[Description of the task]: The answer is an exact copy of the lines from the one with "Petska Original Shank" to the end of the listing below, pictures left out.

[Information supplied]:
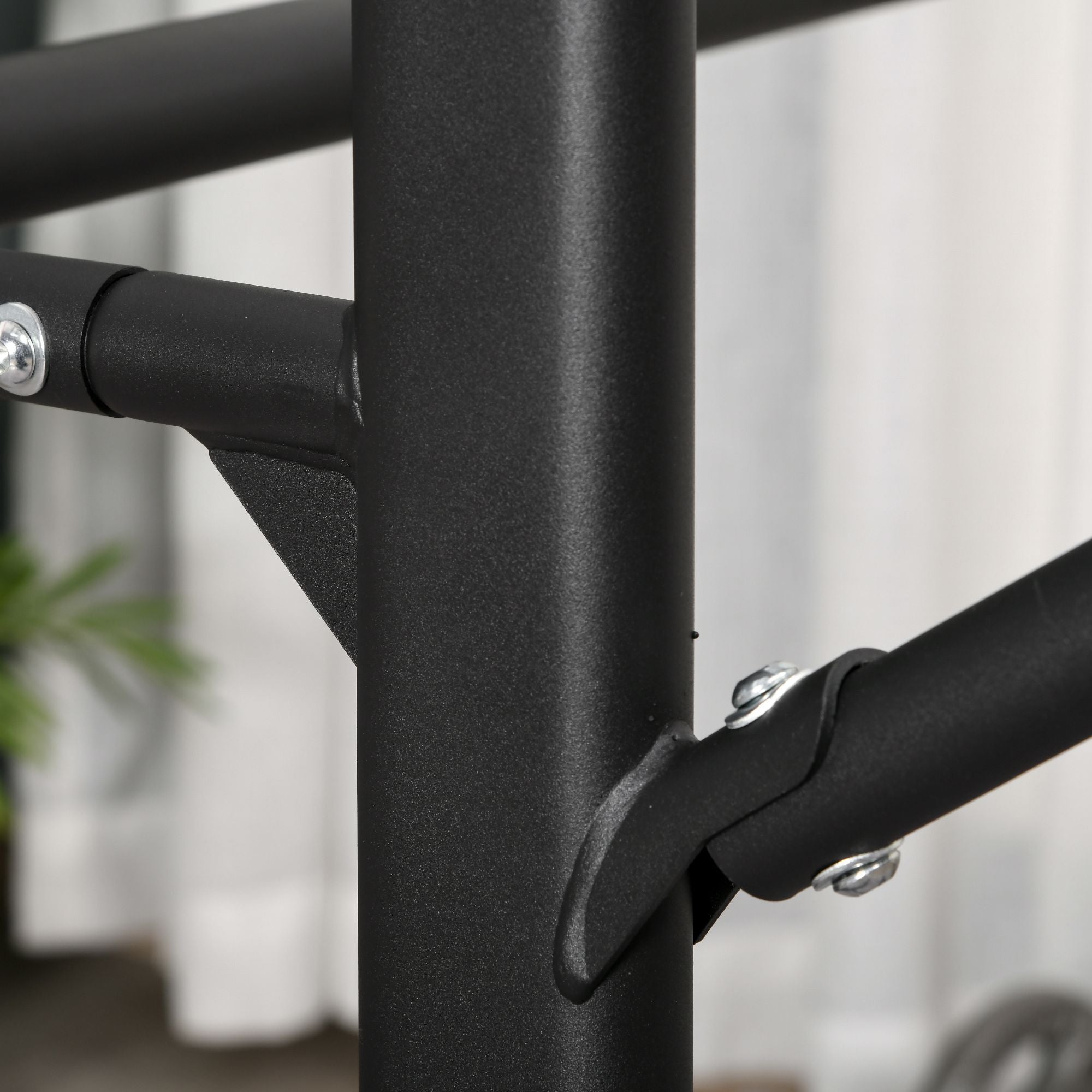 Multifunctional Weight Bench Pull-Up Bar Roman Chair Adjustable Height Black and Red Steel
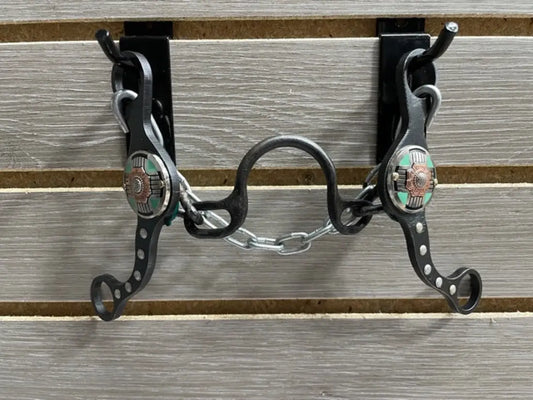 Petska Original Shank Ported Chain Bit - 6’’ Shank Ported Chain / Aztec Turquoise Bit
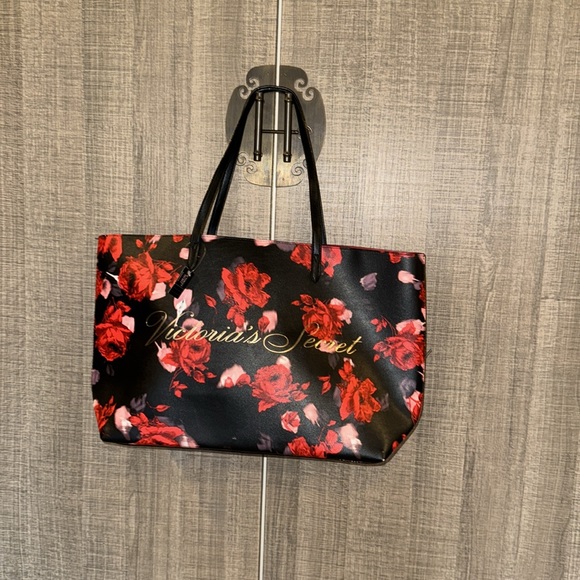 Victoria's Secret Black and Red Floral Tote - Picture 5 of 12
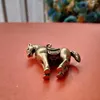 Decorative Figurines Collection Chinese Pure Brass Animal Lovely Horse Small Statue Pendant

[Answer to this task]:
 Petska Original Shank Ported Chain Bit - 6’’ Shank Ported Chain / Aztec Turquoise Bit
 Victoria's Secret Black and Red Floral Tote - Picture 5 of 12
 Decorative Figurines Collection Chinese Pure Brass Animal Lovely Horse Small Statue Pendant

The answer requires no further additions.